Named after the villages that were flooded when Smith Mountain Lake was created, Sunken City will be situated at Westlake Towne Center. 

Many lake-area residents and tourists may be familiar with Sunken City’s Dam Lager, a low-hop beer with a hint of caramel that owner Jerome Parnell used to test-drive the market before launching the brewery. “I took a chance with it and people took well to this local Smith Mountain Lake beer,” Parnell says. “It gave me what I needed to put in some more capital and go to a bank and build the brewery around this local beer concept.”

Sunken City’s latest offering is Red Clay IPA. “We launched it in Roanoke [recently], and it got a great response,” Parnell says. “We think it’ll be a big winner across the state.”
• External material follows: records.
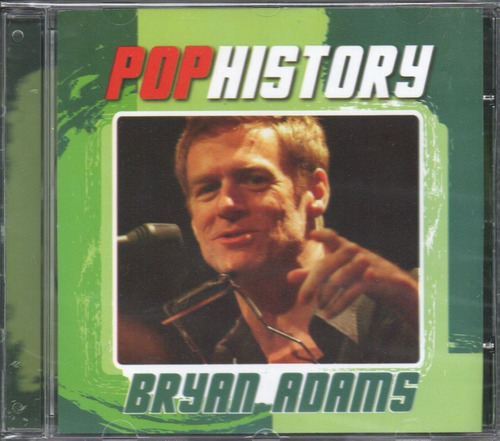 Bryan Adams Cd Pop History Novo Lacrado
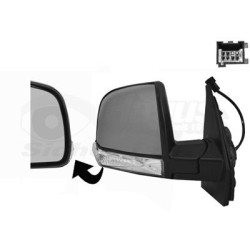 Rétroviseur éléctrique complet droit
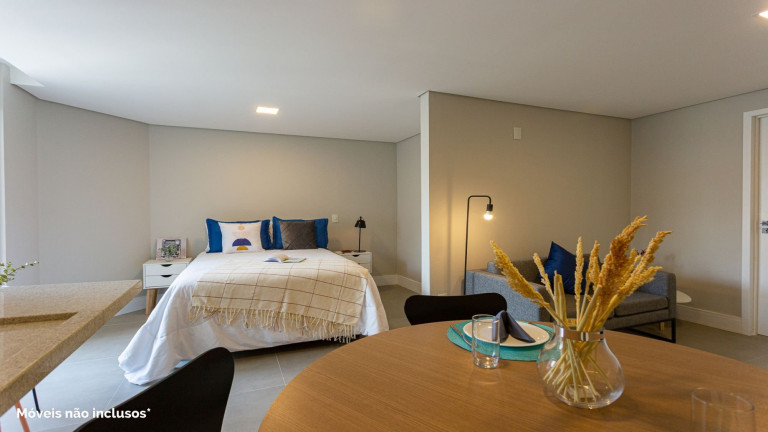 Imagem Apartamento com 1 Quarto à Venda, 34 m² em São Paulo Imagem Apartamento com 1 Quarto à Venda, 34 m² em São Paulo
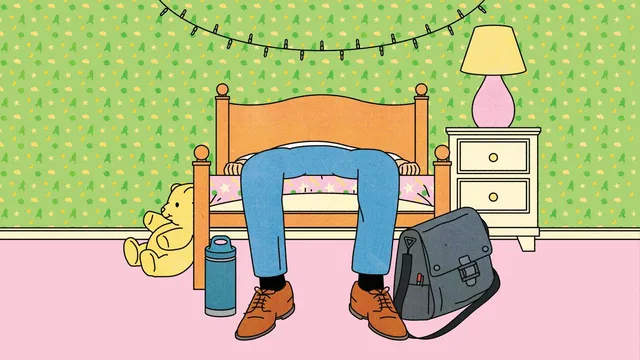 Young adults struggle with living at home in America
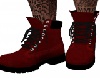 Boots-Maroon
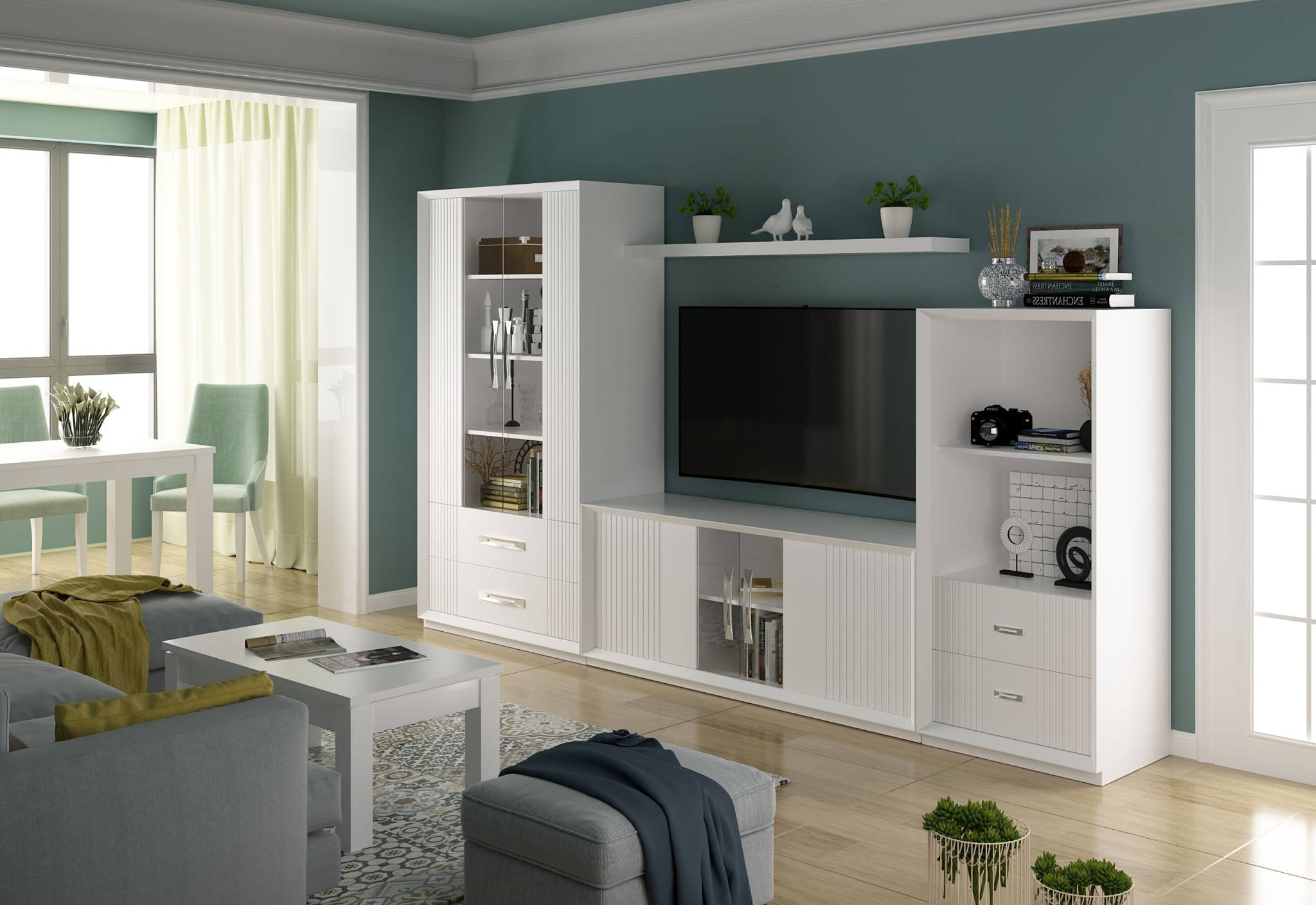 Mueble de salón Barpin 5 - Imagen 2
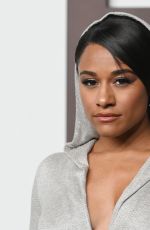 ARIANA DEBOSE at Ralph Lauren SS24 Fashion Show in New York 09/08/2023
Sunken City beer currently is being sold in Roanoke, Lynchburg and Danville. Parnell hopes to expand distribution to Northern Virginia, Richmond and Virginia Beach by this fall. The former chief operating officer for a biotech company, International Bio-Resources, Parnell has hired Jeremy Kirby as the company’s brewmaster. Kirby, who trained as a brewmaster in Germany, previously worked at the Gottberg Brewery in Nebraska.
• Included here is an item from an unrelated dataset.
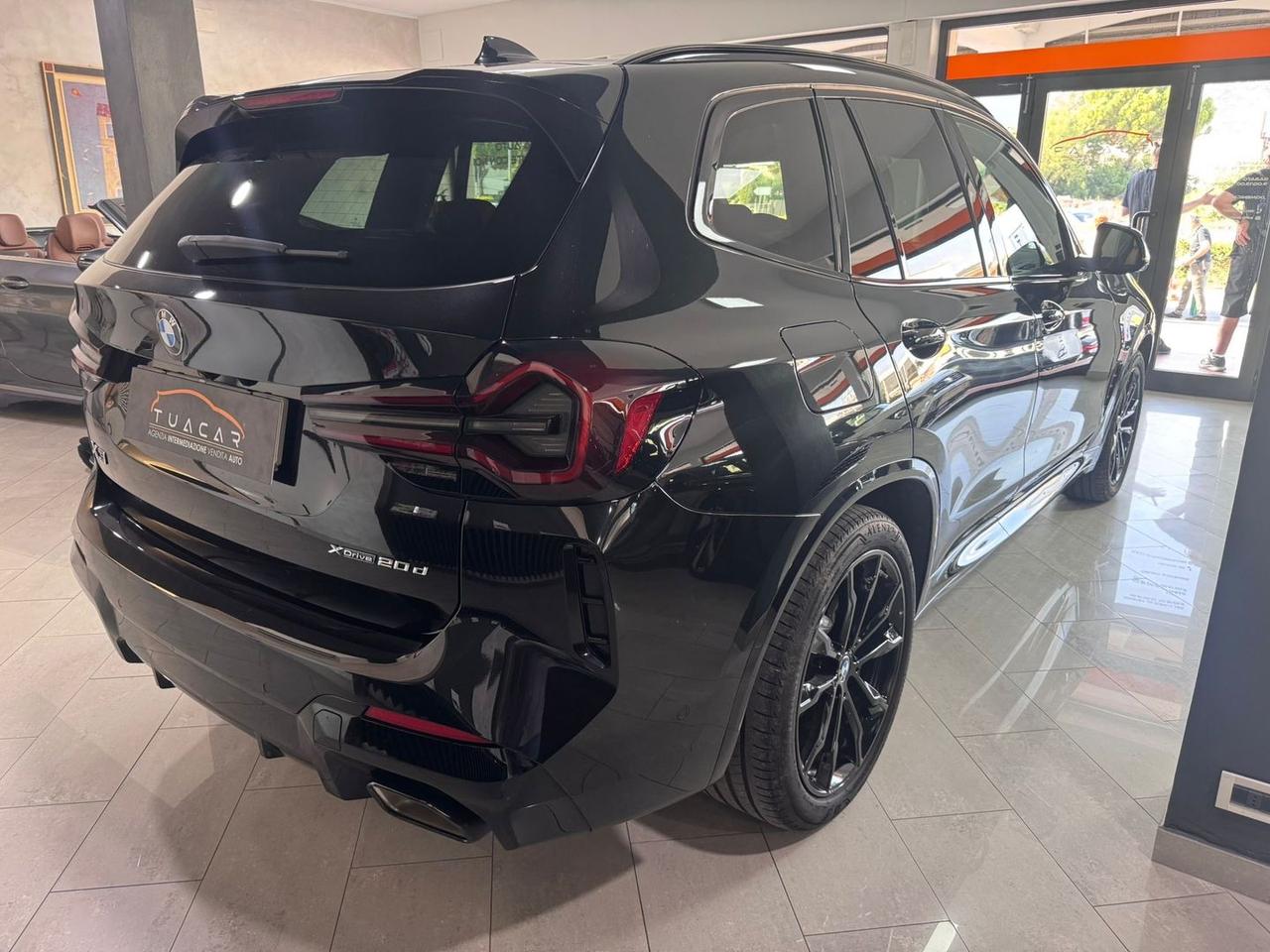 Bmw X3 M Sport 20 d MHEV FULL IVA ESPOSTA #6609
Sunken City already produces kegs and plans to start offering canned beer by July 4. Canning beer has a number of advantages, Parnell says. Cans protect the product from light and air and are cheaper to ship. Sunken City has developed a canning line instead of using a mobile canning unit. “We think canning on premise keeps the ball going and keeps the industry afloat here,” Parnell says.

Sunken City is on target to produce 3,000 to 5,000 barrels of beer a year — and there’s room to grow, Parnell says. The plant has a production capacity of 15,000 to 20,000 barrels a year.

Besides the brewery, Sunken City has a beer garden and tasting room, which opened in May hosting 700 visitors on opening night. “It has been extraordinary,” Parnell says. “I’m really blown away by the support.”